By the 1960s, the rest of Madge’s family had either died or moved on from the Steppes, but she never came down from the mountains. I can imagine solitude and silence, as well as mountain community and the constant sounds of the wind in the trees, like living by the sea. I can imagine making art, of daily work to keep the property and self together until finally in advanced old age it might get beyond you and the circle of what you can accomplish in a day begins to shrink. The sound of visitors travelling by car was probably a comfort to her, especially if like Jack Thwaites they dropped by for a friendly visit.
It’s probably Jack Thwaites and the Hobart Walking Club to whom we owe the preservation of the Steppes. When they came venturing into the Highlands during the 1960s and 70s it would have felt wonderfully remote, and to this day the Highlands still feels like ‘somewhere else’, a distinct place to the Midlands below to the east, or the West Coast. They praised the Steppes for the serenity and companionship they found there.
Our daughter wants to explore further, so she and I walk together down a path between prickly pink mountain berry and stringy bark gums. It doesn’t take long to feel as though we have been swallowed up by the bush, and as in many places in Tasmania it feels as though the bushland here is biding its time, to swallow up the fragile buildings of the Steppes. But never once do we lose the sound of the highway and the traffic. Then in a clearing we find the late Stephen Walker’s bronze sculptures of local animals set in a circle of dolerite stones and ‘dedicated to those who share in the love and care of the Highlands, from the past to the future.’
There is something endearing about them. Like Madge’s watercolours earlier, Stephen Walker offered the animals and rock of the Highlands that ‘close attention’ and loving recognition that is like a prayer. The stone circle would make anyone of Anglo-Celtic blood think of sacred ground. These are sacred, his sculpture says to me, this ground is sacred; it is all sacred inside and outside the circle.

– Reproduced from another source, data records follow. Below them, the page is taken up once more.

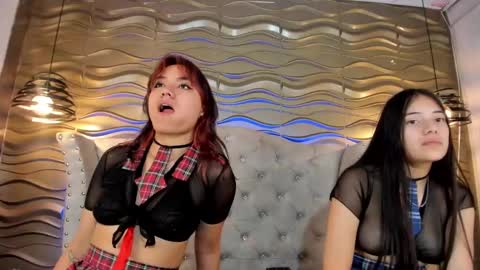 Snapshot of nahia_low chatting on 02/07/25, 06:56  Valeria  online show from 02/07/25, 06:56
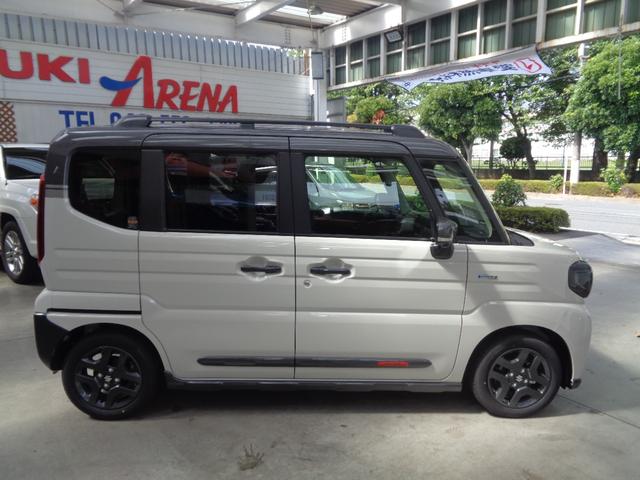 Suzuki SPACIA GEAR 2025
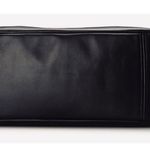 Marc Jacobs Luna Black Leather Top Handle Crossbody Tote Gold Hardware LIKE NEW Photo 12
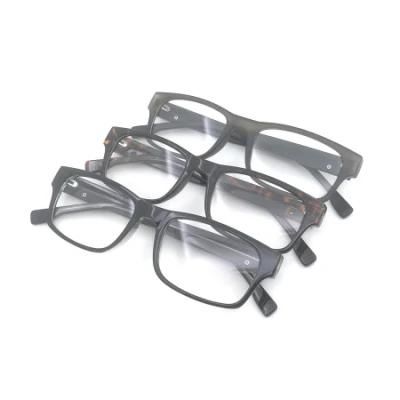 2020 Square Unisex Cp Injection Spectacle Eyewear Optical Frame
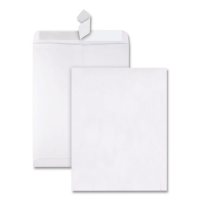 Quality Park - Redi Strip Catalog Envelope, 10 x 13, White - 100 per Box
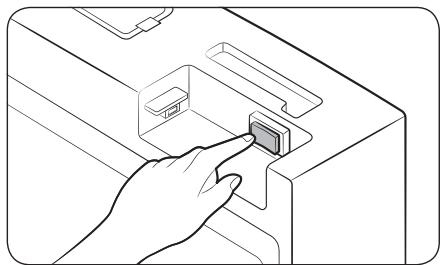 SAMSUNG RF65DG960ESG - Réinitialisation de l'affiche (modèles applicables uniquement) - 2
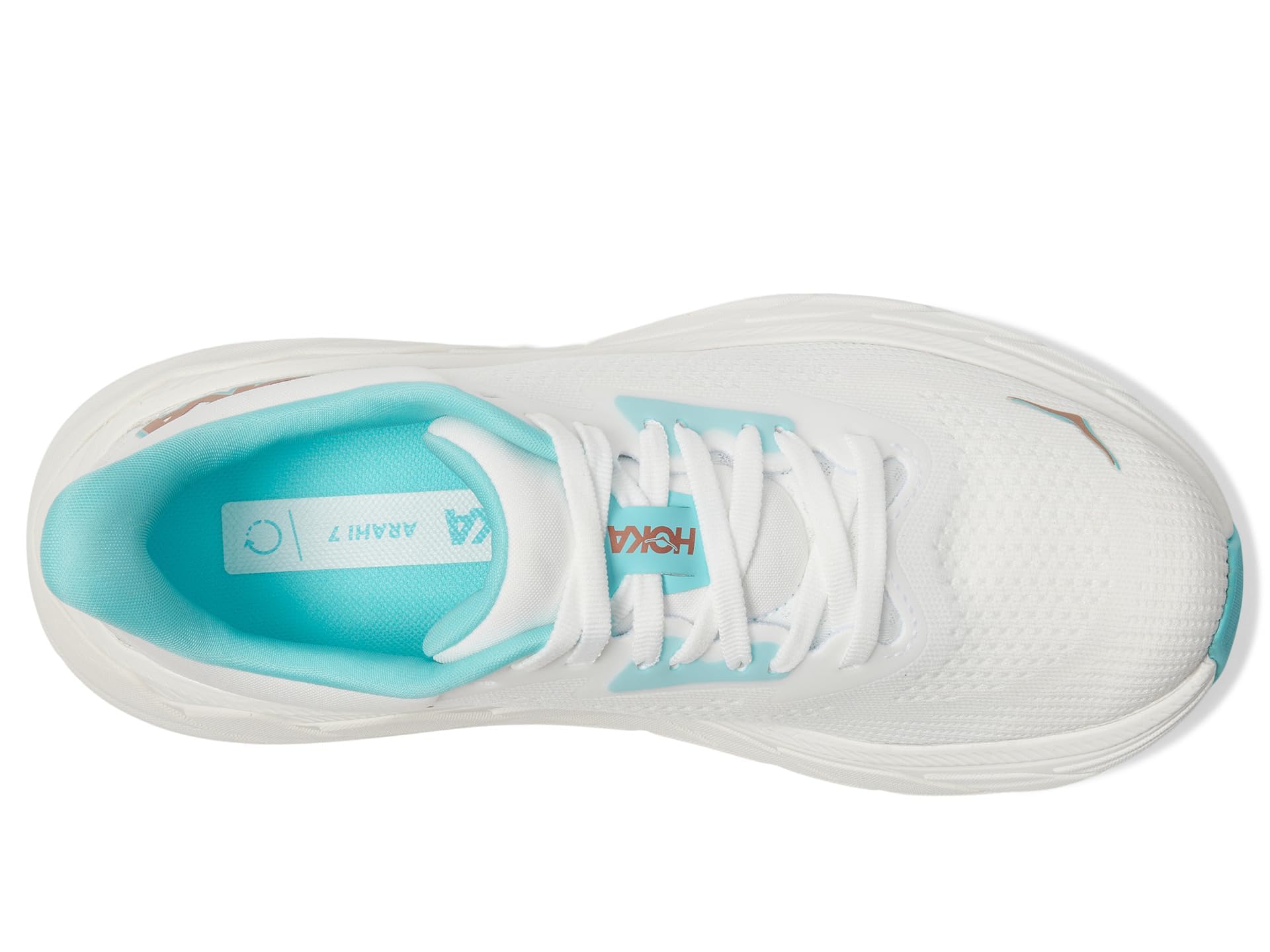 HOKA ONE ONE Womens Arahi 7 ( without box )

Our daughter touches the wombat, the snake, the echidna, perfectly happy.
On the way back she is tired and needs a lot of reassurance that ‘No we are not lost; we just need to follow the path’. But although I couldn’t see the Steppes property through the trees and scrub, I was left in no doubt of where the road was. Just follow the sound of the traffic.
As we get ready to leave, we ask our daughter what she thinks. ‘I’d like to live here,’ she says, ‘I like the sad big trees’, and she gestures to the centuries old gum trees near the house.
I…. wouldn’t like to live there, not now. I’d love to follow the shepherd’s paths up into the mountains by foot or even on horseback. I’d love to camp under the stars and hear the bush at night. I’d love to feel the heat and glare of the Midlands in summer drop away. But if I lived at the Steppes now, I think the only time that little house would feel like it belonged to me was when the rattle and hum of the utes, the four-wheel drives, and our own cars were gone for the day, when night fell, and the bush was thick with stars and silence.